Assignment:
Only the count is expected: the number of lines below that contain "from".
──────────────────────────────
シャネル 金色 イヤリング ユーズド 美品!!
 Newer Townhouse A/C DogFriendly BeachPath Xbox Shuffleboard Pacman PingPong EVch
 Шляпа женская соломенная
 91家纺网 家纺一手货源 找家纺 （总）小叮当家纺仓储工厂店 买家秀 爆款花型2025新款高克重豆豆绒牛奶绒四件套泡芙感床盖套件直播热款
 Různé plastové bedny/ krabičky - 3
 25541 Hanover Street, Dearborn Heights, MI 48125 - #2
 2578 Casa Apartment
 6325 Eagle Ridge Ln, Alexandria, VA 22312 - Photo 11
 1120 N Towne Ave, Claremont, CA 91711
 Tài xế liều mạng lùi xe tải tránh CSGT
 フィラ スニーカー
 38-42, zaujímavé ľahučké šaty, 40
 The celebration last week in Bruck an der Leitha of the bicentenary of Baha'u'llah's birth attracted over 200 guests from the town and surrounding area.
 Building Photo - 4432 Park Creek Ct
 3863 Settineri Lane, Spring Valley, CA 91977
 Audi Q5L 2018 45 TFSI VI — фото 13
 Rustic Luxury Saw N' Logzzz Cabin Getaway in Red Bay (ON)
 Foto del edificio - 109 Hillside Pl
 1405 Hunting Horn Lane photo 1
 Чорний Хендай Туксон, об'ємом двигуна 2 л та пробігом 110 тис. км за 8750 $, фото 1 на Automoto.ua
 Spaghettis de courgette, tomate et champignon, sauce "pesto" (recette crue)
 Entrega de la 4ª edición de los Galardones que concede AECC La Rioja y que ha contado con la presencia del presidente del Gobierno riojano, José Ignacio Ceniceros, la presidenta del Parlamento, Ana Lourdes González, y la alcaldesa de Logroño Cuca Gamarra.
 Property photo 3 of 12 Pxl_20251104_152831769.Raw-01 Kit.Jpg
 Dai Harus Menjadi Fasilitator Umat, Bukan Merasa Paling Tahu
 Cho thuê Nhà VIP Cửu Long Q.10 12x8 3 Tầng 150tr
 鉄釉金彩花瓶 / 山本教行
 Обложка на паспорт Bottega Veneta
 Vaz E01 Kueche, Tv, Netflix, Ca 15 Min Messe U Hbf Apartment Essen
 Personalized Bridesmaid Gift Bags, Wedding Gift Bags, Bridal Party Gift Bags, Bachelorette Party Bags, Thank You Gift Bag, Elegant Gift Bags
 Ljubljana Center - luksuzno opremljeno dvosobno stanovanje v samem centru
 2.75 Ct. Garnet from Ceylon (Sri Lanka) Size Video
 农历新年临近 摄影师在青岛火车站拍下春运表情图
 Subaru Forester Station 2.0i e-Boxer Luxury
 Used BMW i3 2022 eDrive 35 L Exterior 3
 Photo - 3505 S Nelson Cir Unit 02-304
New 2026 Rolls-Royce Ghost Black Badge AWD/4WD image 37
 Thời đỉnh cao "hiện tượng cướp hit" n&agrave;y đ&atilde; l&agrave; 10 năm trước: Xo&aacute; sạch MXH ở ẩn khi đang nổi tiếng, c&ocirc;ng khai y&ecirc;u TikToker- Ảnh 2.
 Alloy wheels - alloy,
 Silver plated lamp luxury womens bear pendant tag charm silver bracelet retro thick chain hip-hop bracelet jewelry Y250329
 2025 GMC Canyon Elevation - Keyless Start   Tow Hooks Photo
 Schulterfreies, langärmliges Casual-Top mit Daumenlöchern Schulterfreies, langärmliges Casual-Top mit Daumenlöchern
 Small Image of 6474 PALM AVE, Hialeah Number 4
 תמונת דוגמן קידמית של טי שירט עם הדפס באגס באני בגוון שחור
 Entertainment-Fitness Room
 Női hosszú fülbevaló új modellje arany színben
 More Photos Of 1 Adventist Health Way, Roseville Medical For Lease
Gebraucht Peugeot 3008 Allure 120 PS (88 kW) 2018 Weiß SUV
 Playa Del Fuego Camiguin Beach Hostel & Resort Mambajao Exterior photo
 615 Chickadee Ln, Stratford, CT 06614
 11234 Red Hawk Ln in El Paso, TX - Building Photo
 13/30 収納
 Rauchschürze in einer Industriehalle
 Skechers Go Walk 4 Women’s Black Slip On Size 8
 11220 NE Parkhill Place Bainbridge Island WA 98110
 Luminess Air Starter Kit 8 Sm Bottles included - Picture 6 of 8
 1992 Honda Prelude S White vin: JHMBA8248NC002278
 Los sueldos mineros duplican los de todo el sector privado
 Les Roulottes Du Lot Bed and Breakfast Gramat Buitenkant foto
──────────────────────────────
Solution to this problem:
2